Utilizing magnetic xanthan gum nanocatalyst for the synthesis of acridindion derivatives via functionalized macrocycle Thiacalix[4]arene

Fereshte Hassanzadeh-Afruzi; Mohammad Mehdi Salehi; Ghazaleh Ranjbar; Farhad Esmailzadeh; Peyman Hanifehnejad; Mojtaba Azizi; Faten Eshrati Yeganeh; Ali Maleki

doi:10.1038/s41598-023-49632-x

Utilizing magnetic xanthan gum nanocatalyst for the synthesis of acridindion derivatives via functionalized macrocycle Thiacalix[4]arene

Sci Rep. 2023 Dec 13;13(1):22162. doi: 10.1038/s41598-023-49632-x.

Authors

Fereshte Hassanzadeh-Afruzi^#¹, Mohammad Mehdi Salehi^#¹, Ghazaleh Ranjbar¹, Farhad Esmailzadeh¹, Peyman Hanifehnejad¹, Mojtaba Azizi¹, Faten Eshrati Yeganeh¹, Ali Maleki²

Affiliations

¹ Catalysts and Organic Synthesis Research Laboratory, Department of Chemistry, Iran University of Science and Technology, Tehran, Iran.
² Catalysts and Organic Synthesis Research Laboratory, Department of Chemistry, Iran University of Science and Technology, Tehran, Iran. maleki@iust.ac.ir.

^# Contributed equally.

Abstract

An effective method for synthesizing acridinedione derivatives using a xanthan gum (XG), Thiacalix[4]arene (TC4A), and iron oxide nanoparticles (IONP) have been employed to construct a stable composition, which is named Thiacalix[4]arene-Xanthan Gum@ Iron Oxide Nanoparticles (TC4A-XG@IONP).
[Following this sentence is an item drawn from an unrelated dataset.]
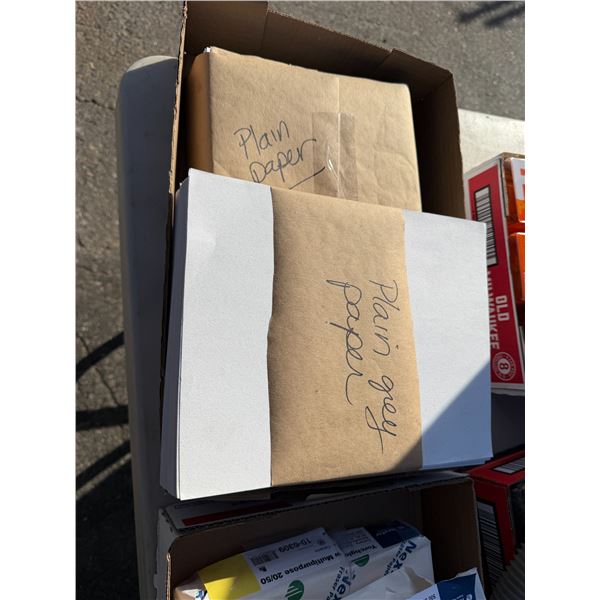 Card stock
The process used to fabricate this nanocatalyst includes the in-situ magnetization of XG, its amine modification by APTES to get NH₂-XG@IONP hydrogel, the synthesis of TC4A, its functionalization with epichlorohydrine, and eventually its covalent attachment onto the NH₂-XG@IONP hydrogel. The structure of the TC4A-XG@IONP was characterized by different analytical methods including Fourier-transform infrared spectroscopy, X-Ray diffraction analysis (XRD), Energy Dispersive X-Ray, Thermal Gravimetry analysis, Brunauer-Emmett-Teller, Field Emission Scanning Electron Microscope and Vibration Sample Magnetomete. With magnetic saturation of 9.10 emu g^-1 and ~ 73% char yields, the TC4As-XG@IONP catalytic system demonstrated superparamagnetic property and high thermal stability. The magnetic properties of the TC4A-XG@IONP nanocatalyst system imparted by IONP enable it to be conveniently isolated from the reaction mixture by using an external magnet. In the XRD pattern of the TC4As-XG@IONP nanocatalyst, characteristic peaks were observed. This nanocatalyst is used as an eco-friendly, heterogeneous, and green magnetic catalyst in the synthesis of acridinedione derivatives through the one-pot pseudo-four component reaction of dimedone, various aromatic aldehydes, and ammonium acetate or aniline/substituted aniline. A combination of 10 mg of catalyst (TC4A-XG@IONP), 2 mmol of dimedone, and 1 mmol of aldehyde at 80 °C in a ethanol at 25 mL round bottom flask, the greatest output of acridinedione was 92% in 20 min.This can be attributed to using TC4A-XG@IONP catalyst with several merits as follows: high porosity (pore volume 0.038 cm³ g^-1 and Pore size 9.309 nm), large surface area (17.306 m² g^-1), three dimensional structures, and many catalytic sites to active the reactants. Additionally, the presented catalyst could be reused at least four times (92-71%) with little activity loss, suggesting its excellent stability in this multicomponent reaction. Nanocatalysts based on natural biopolymers in combination with magnetic nanoparticles and macrocycles may open up new horizons for researchers in the field.